From Duisburg I boarded my train to Hamburg, which was an older loco-hauled train, and which seemed to be a bit of a weird milk run that zigzagged back and forth collecting people from a lot of places to deliver them all to Hamburg. After stopping at Essen and Munster, it took a big diversion to Rheine, where it sat idle for quite a while, before the train reversed direction and took off again. When we reached Osnabruck, much the same thing - we paused for ages and the conductors had a leisurely dart on the platform outside my window, before the train reversed direction again. So my forward-facing seat had become rear-facing and then forward-facing again. This was all a little unusual, but no skin off my nose - I had nowhere in particular to be, and was very happy to while away the day watching the German cities and countryside go past my window. Munster, in particular, struck me as very pretty, though I didn't manage to get any photos as we passed through.
Hamburg is Germany's second-biggest city, and another important port (technically on the river Elbe, but considered a sea port because it's in the wide and deep final stretch that seagoing vessels can navigate). It has an incredibly long and rich history, much of which is still very present today, with huge imposing cathedrals and the Rathaus (City Hall) dotted around the city centre, but also neighbourhoods like St Pauli, which has strong connections to the Beatles' formative years and the German punk rock scene.
It's also home to the biggest model railway in the world, Miniatur Wunderland, in a revamped old industrial building by the docks. It's pretty incredible, with thousands of trains, cars, planes, buildings and figurines spread over detailed facsimiles of a number of countries. (I won't spend too much time on it, but there's about a billion hours of footage on YouTube if you want to take a look).

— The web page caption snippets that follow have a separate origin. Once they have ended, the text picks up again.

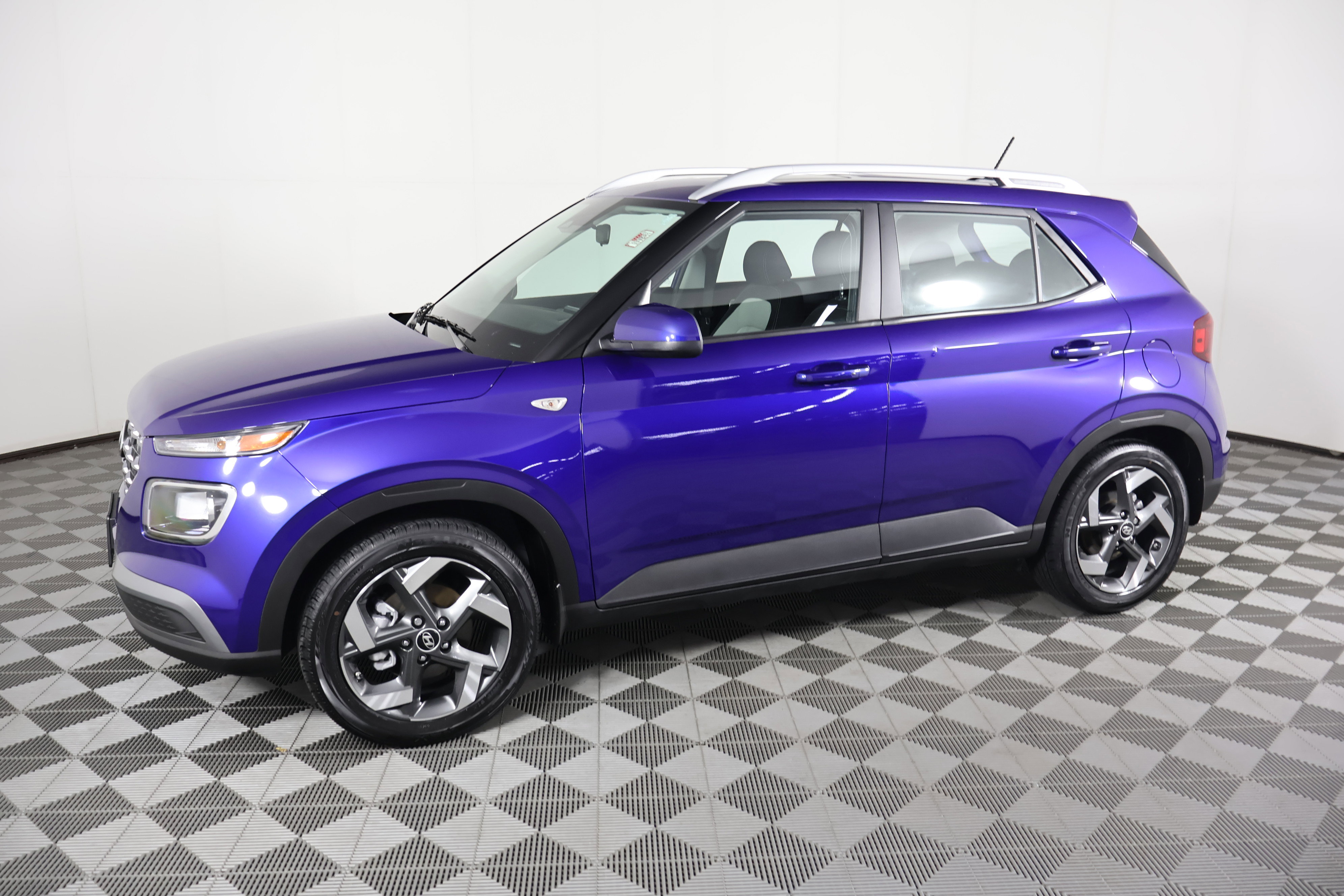 Used 2024 Hyundai Venue SEL image 9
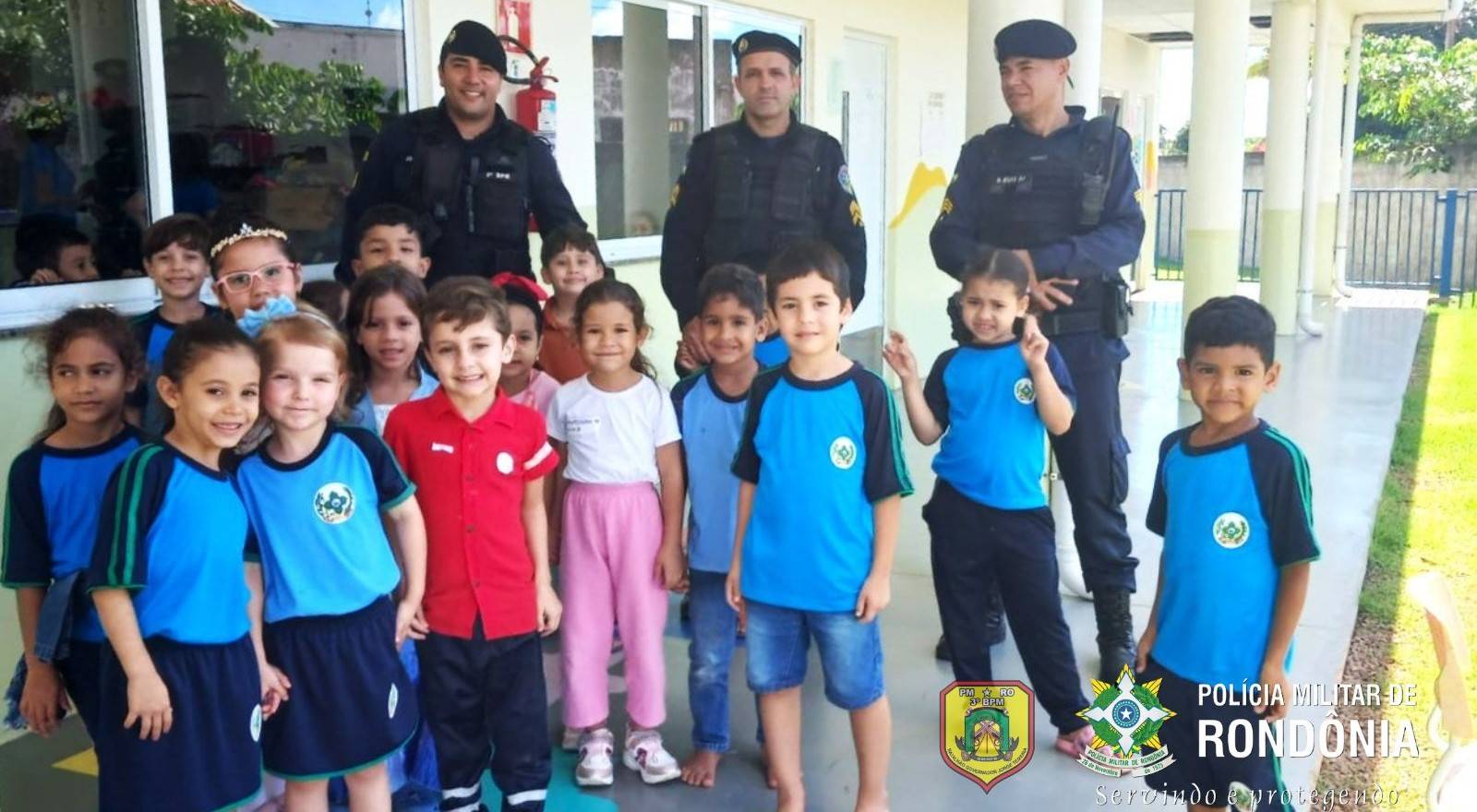 Polícia militar de Rondônia promove integração com crianças em escola de educação infantil, em Vilhena
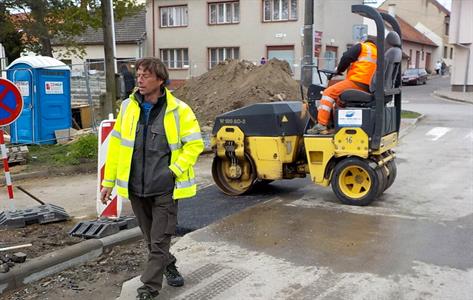 Služby města * Pokládání asfaltu před garážemi na ulici Pod Břehy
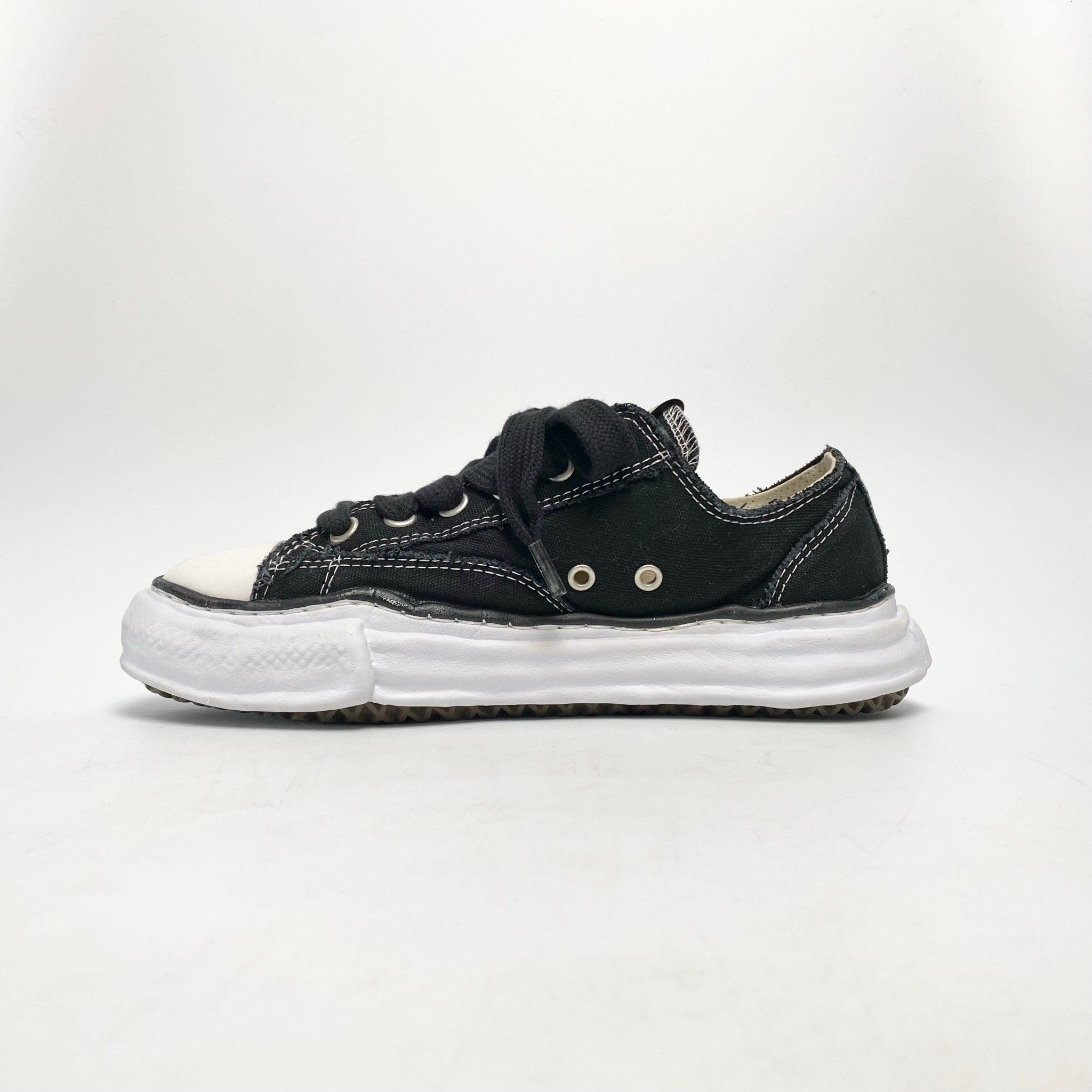  MAISON MIHARA YASUHIRO PETERSON OG SOLE CANVAS LOW BLACK 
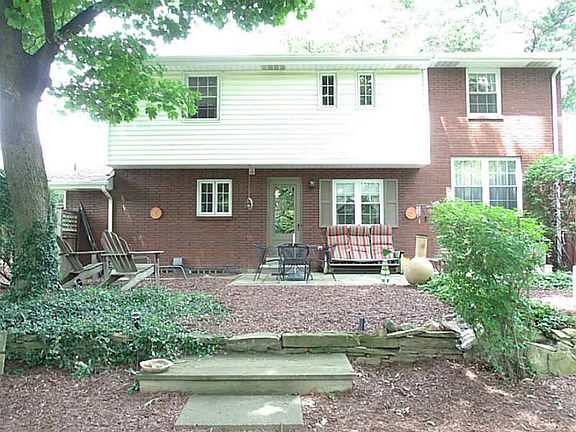 2nd image of 4501 Dell Ct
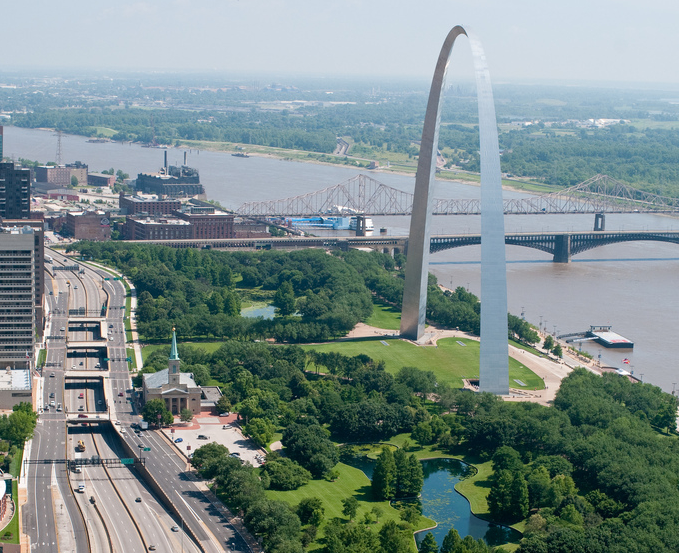 A Plan for the Gateway Arch Leaves a St. Louis Highway in Place. But for How Long? – Next City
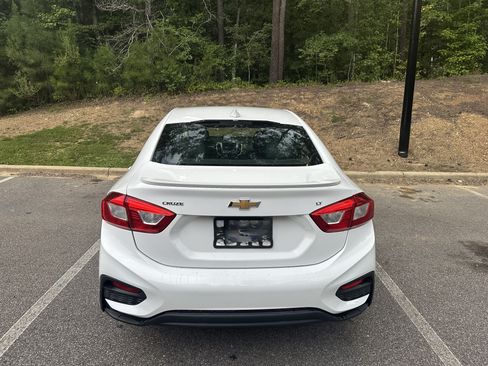 Used 2016 Chevrolet Cruze LT w/ Sun And Sound Package FWD image 6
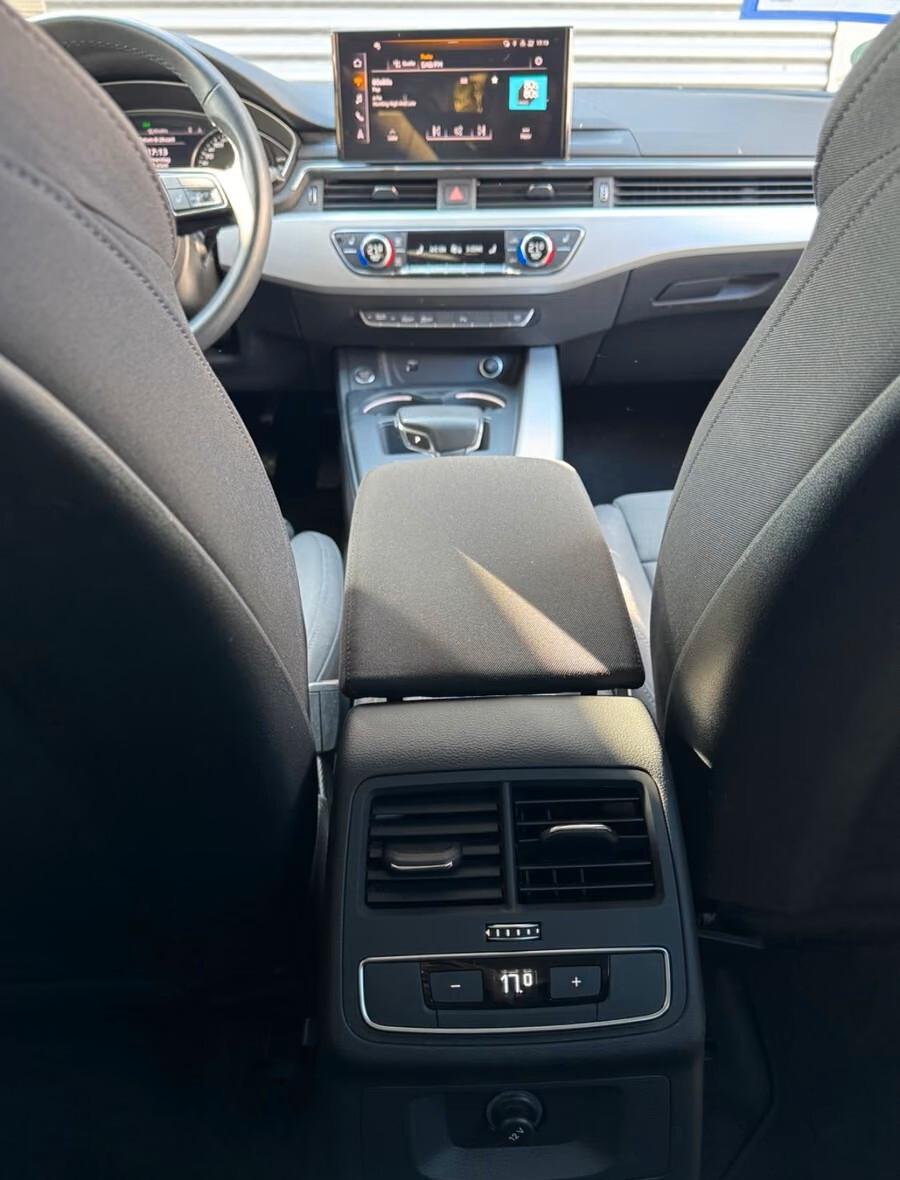 Audi A4 Avant 40 g-tron S tronic Business Advanced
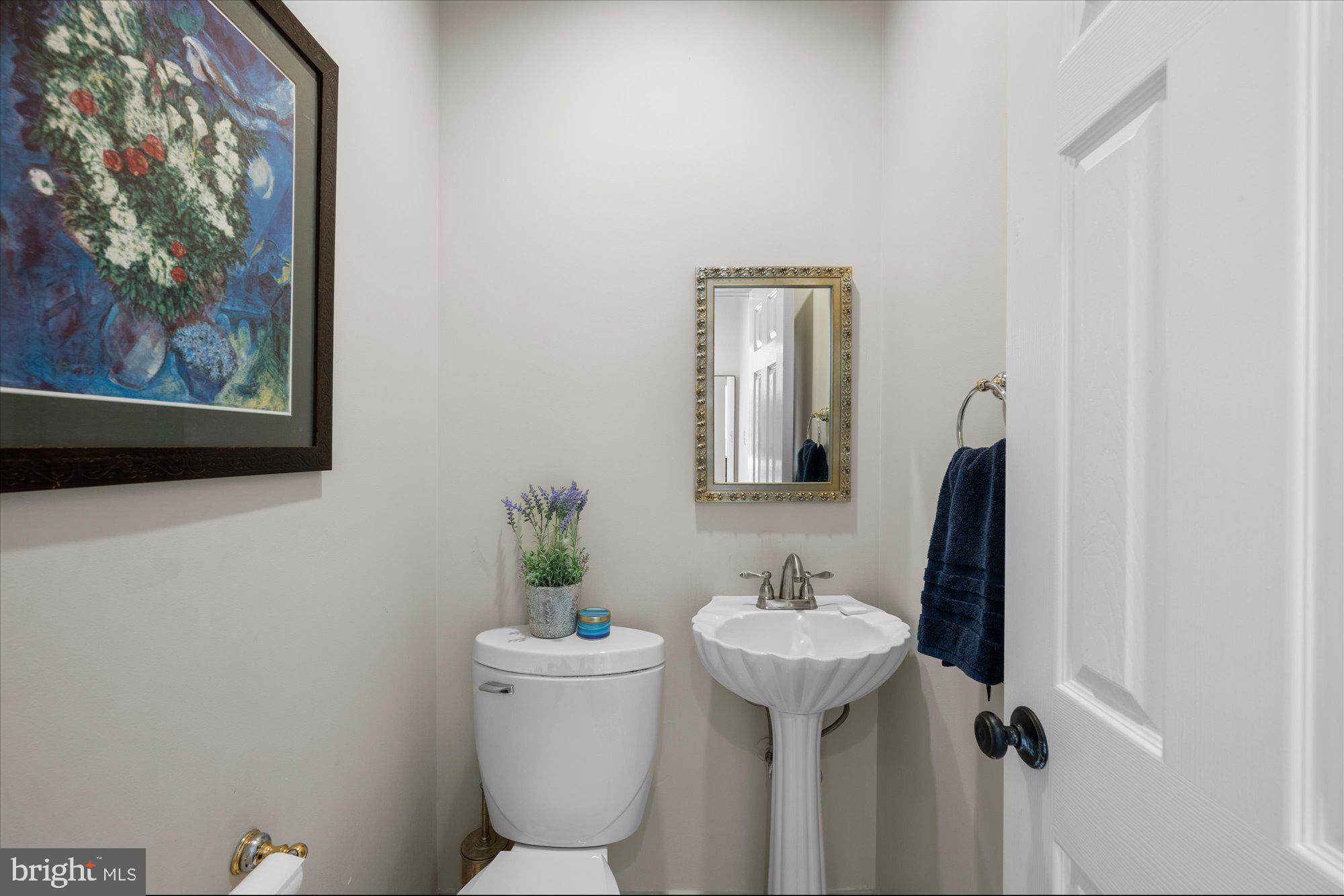 POTOMAC OUTSIDE - Residential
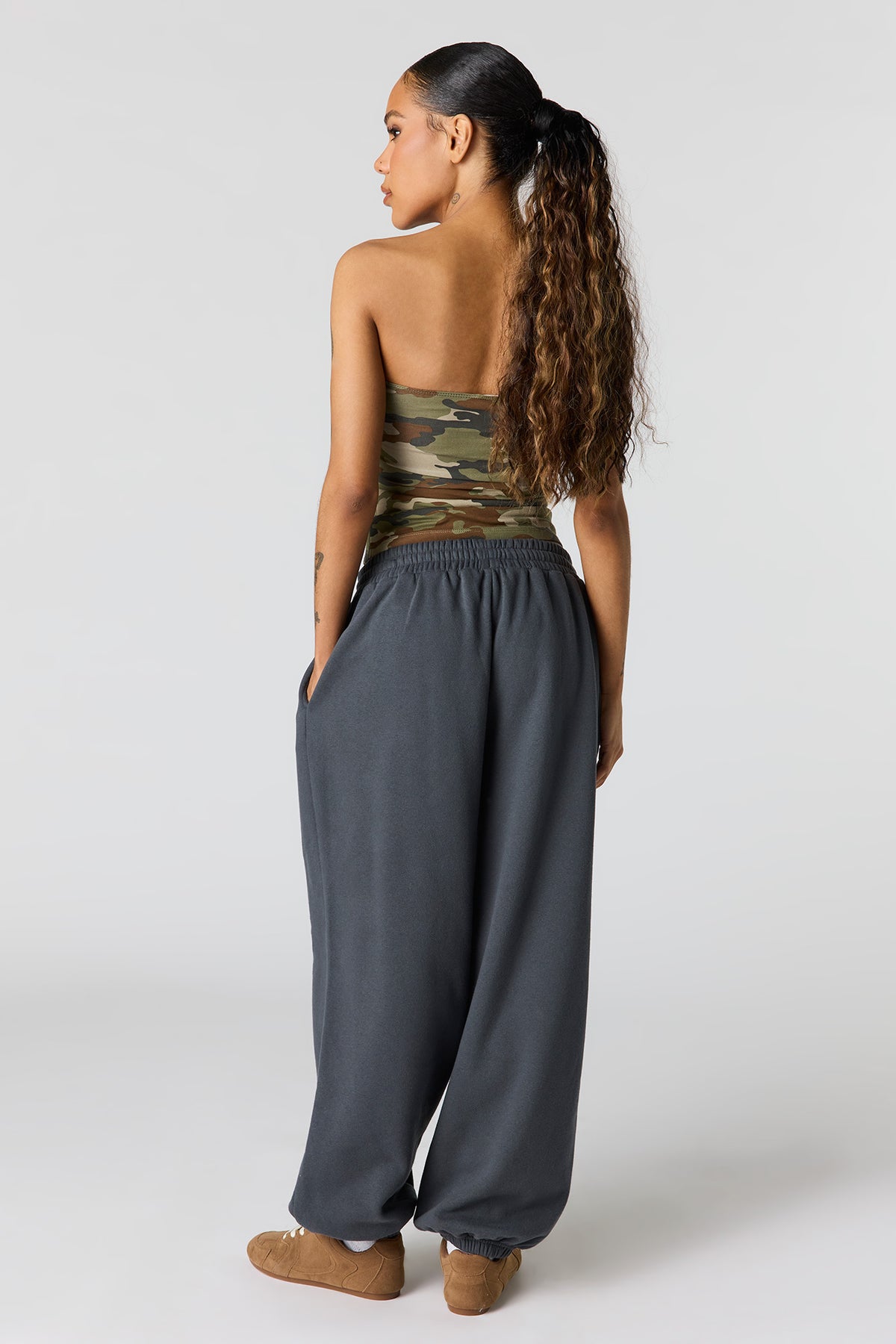 Vue alternative 3. Jogger baggy de coupe garçonne en molleton de luxe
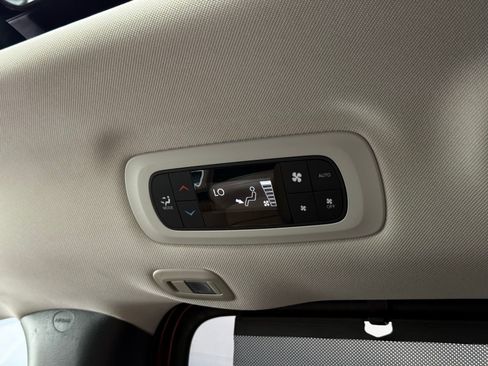 Used 2017 Chrysler Pacifica Limited image 51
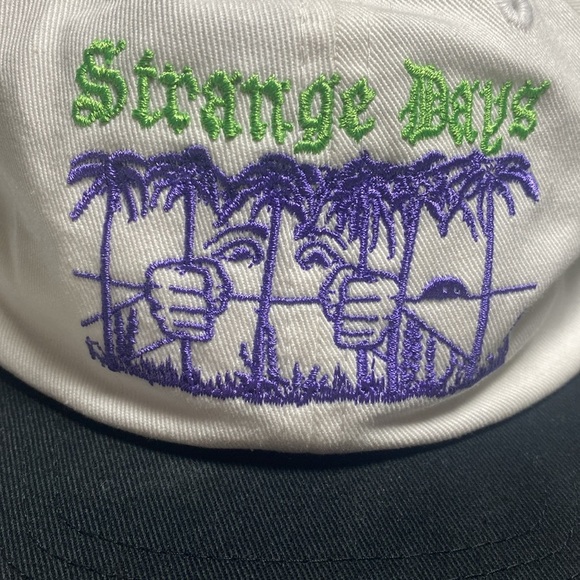 OBEY NEW White and Black Cap with Purple Embroidery - Picture 2 of 7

Hamburg shows clear signs of a very car-dependent city that is trying to shift the balance. Safe cycling infrastructure is present, but often a bit narrow; at intersections, cyclists and pedestrians often have to wait a long time for the lights, as cars still very much have priority. On the public transport front, in addition to a bus network that seemed quite busy, it has a metro system called the U-Bahn and a nominally-regional system called the S-Bahn (which has similar coverage and performs a pretty similar function). I only had a brief ride on the S-Bahn and it was very clean and I had a very short wait for the next train, but for whatever reason it was a bit dead when I rode it - hardly anyone else around.
Hamburg Hauptbahnhof is the busiest station in Germany, and the second-busiest in Europe - not only because of the importance of Hamburg itself, but because it is again a key interchange for a number of long-distance trains. It's certainly an impressive structure, though perhaps more imposing than beautiful - the broadly Neo-Renaissance stone parts and the steel arch structure of the train shed both look fine individually but to me they seem to make an odd combination.